Chris Helzer is the Director of Science for The Nature Conservancy in Nebraska. His main role is to evaluate and capture lessons from the Conservancy’s land management and restoration work and then share those lessons with other landowners – both private and public. In addition, Chris works to raise awareness about the importance of prairies and their conservation through his writing, photography, and presentations to various groups. Chris is also the author of "The Ecology and Management of Prairies in the Central United States", published by the University of Iowa Press. He lives in Aurora, Nebraska with his wife Kim and their children.

6 thoughts on “A simple tool for measuring grassland habitat structure (and digging holes)

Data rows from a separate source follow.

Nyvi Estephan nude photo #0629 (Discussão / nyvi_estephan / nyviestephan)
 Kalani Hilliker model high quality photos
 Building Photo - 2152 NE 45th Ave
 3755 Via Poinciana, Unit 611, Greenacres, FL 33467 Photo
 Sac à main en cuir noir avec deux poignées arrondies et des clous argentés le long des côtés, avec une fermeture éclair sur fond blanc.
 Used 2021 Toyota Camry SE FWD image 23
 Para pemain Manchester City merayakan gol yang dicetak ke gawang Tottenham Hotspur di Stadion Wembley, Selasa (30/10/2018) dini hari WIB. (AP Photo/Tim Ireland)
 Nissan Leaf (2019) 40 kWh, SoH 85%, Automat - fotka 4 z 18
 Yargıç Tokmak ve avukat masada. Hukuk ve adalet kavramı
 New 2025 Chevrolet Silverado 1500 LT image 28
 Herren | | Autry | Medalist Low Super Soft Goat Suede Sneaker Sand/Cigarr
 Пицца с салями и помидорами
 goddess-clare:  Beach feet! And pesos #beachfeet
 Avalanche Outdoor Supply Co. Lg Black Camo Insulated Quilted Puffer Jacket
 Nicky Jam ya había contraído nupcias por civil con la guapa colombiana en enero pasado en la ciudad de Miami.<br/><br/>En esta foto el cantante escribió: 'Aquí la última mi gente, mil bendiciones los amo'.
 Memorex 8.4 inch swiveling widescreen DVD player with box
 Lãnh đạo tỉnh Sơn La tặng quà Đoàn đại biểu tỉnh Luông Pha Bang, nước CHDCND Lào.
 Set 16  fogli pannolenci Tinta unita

  1. Yes! I carry two of these with me often when working on our prairie restoration garden on campus, and in our other gardens. Such a useful tool!

  2. I really want to put my heart into this interesting project. I’d love to get on deck with your idea here. However, would it be acceptable if I were to use a diamond or club instead of a spade? Granted, a diamond of equivalent size would be a bit pricey to keep on hand and a club may not make the best poker….But, the photos would be an ace up my sleeve. I dont mean to make a big deal of my suggested variations to your proposal. Your original conception is flush with potential and I’m sure you have a full house of researchers and their data to back it up. I’m just trying to pitch a few ideas straight into the pot to get a feel for the fold’s ideas. Like they say, it’s better to build a bridge than to upset the cribbage. I’ll shuffle on off of here for now.

  3. I salute your efforts. Living in NB, I’m trying to turn my so called lawn into biodiversity. It should be easy but boy the old so called weeds really take over quickly such as devil’s paint brush and buttercup. They are quite aggressive!